Music of the Soul


Soul music derived from 1950’s R&B and became a distinct genre in the ’60s. Soul music became most popular in the ’70s. It is called soul music because of the sound that comes from the use of rhythms, musical and formal structures from Black gospel music. The elements from the soul genre eventually replaced blues, jazz, and pop.

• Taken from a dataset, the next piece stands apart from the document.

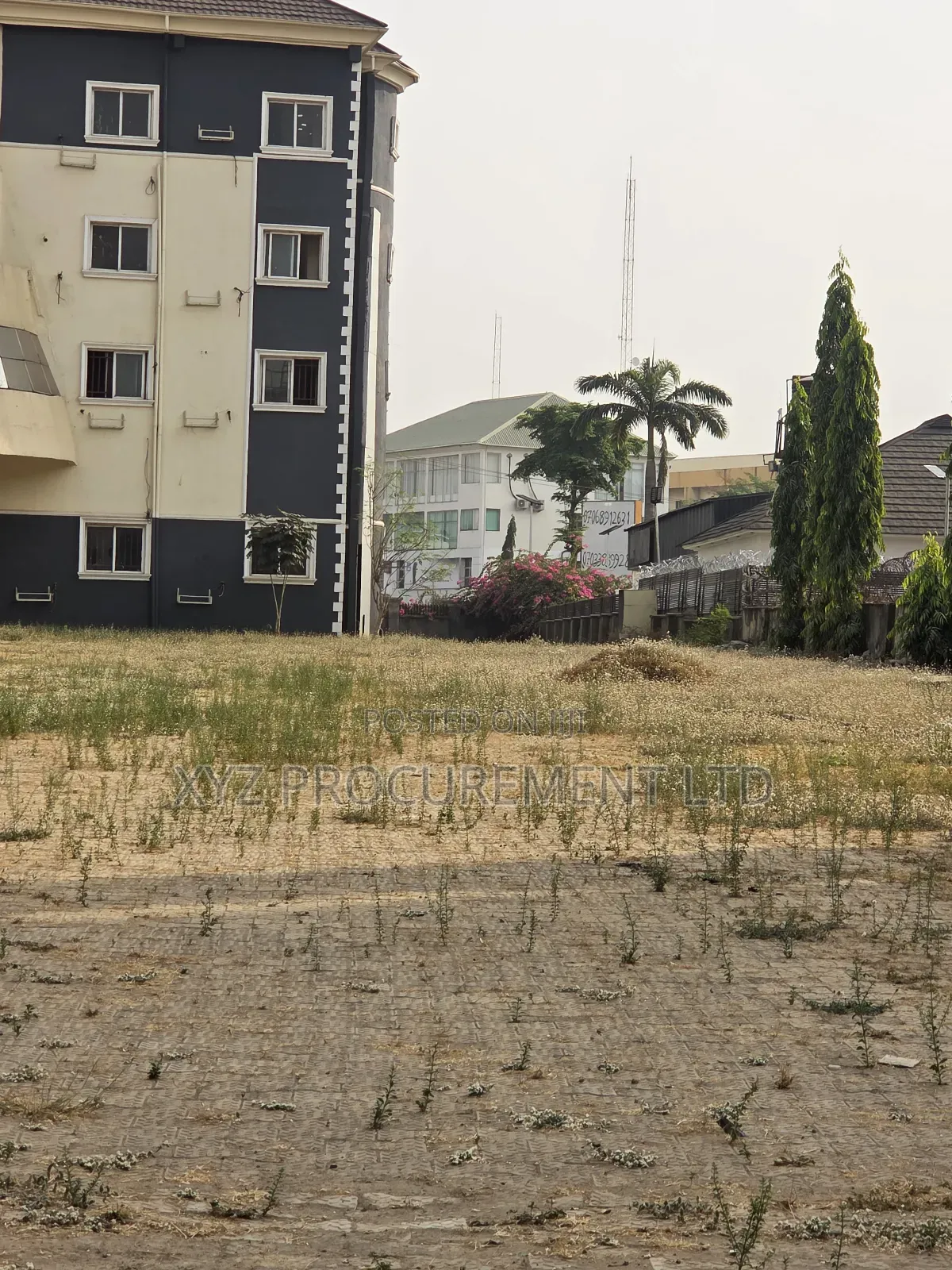 Massive Building With Ample Parking in Jabi by Tarred Road in Jabi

Soul music is characterized with a common meter, call-response structures, gospel harmonic progressions, gospel vocal phrasing, inflections, and melismas. A major part of soul music is its use of horn instruments, organ/piano, bass, drum kit, and guitar. Soul music also took traditional gospel songs and turned them into secular music, such as “In the Midnight Hour” by Wilson Pickett and “Lovable” by Sam Cooke.

Social Implications

Soul music had a major contribution to the Modern Civil Rights Movement and the Black Power Movement. During the Civil Rights Movement the performers would turn spirituals, gospel music, and R&B into freedom songs during their different protests. From these songs came a mixture of sacred and secular music. The term “soul” became a huge element in the black community during the Black Power Movement during times of destruction and uprisings. To identify as someone thats apart of the movement people would hang signs in their stores that read “soul brother”. During 1965 black radio stations would identify their stations as “Soul Radio”. Soul became a label for black culture, from the music we listened to, to the clothes we wore, and even our way of talking.

Important Performers

Ray Charles, James Brown, and Sam Cooke were the pioneers of soul music. They all have roots in gospel music which gave them their transition to soul music. Ray Charles was the first to include components from Black church, from structure to harmony, rhythym organization, and vocal style. James Brown created his own rhtyhmic conception called Polyrhythmic structures, which is several contrasting rhythms played at one time. Sam Cooke created the song “A Change is Gonna Come” which many scholars believe is the transition from rhythym and blues to soul music.

Future Genres

In the early 1970’s soul music had been influenced by psychedelic rock, which fused together to become psychedelic soul music.


In my opinion, soul music is a very powerful genre and really influenced a generation. I love the impact it had on social movements, and how it is still around even today.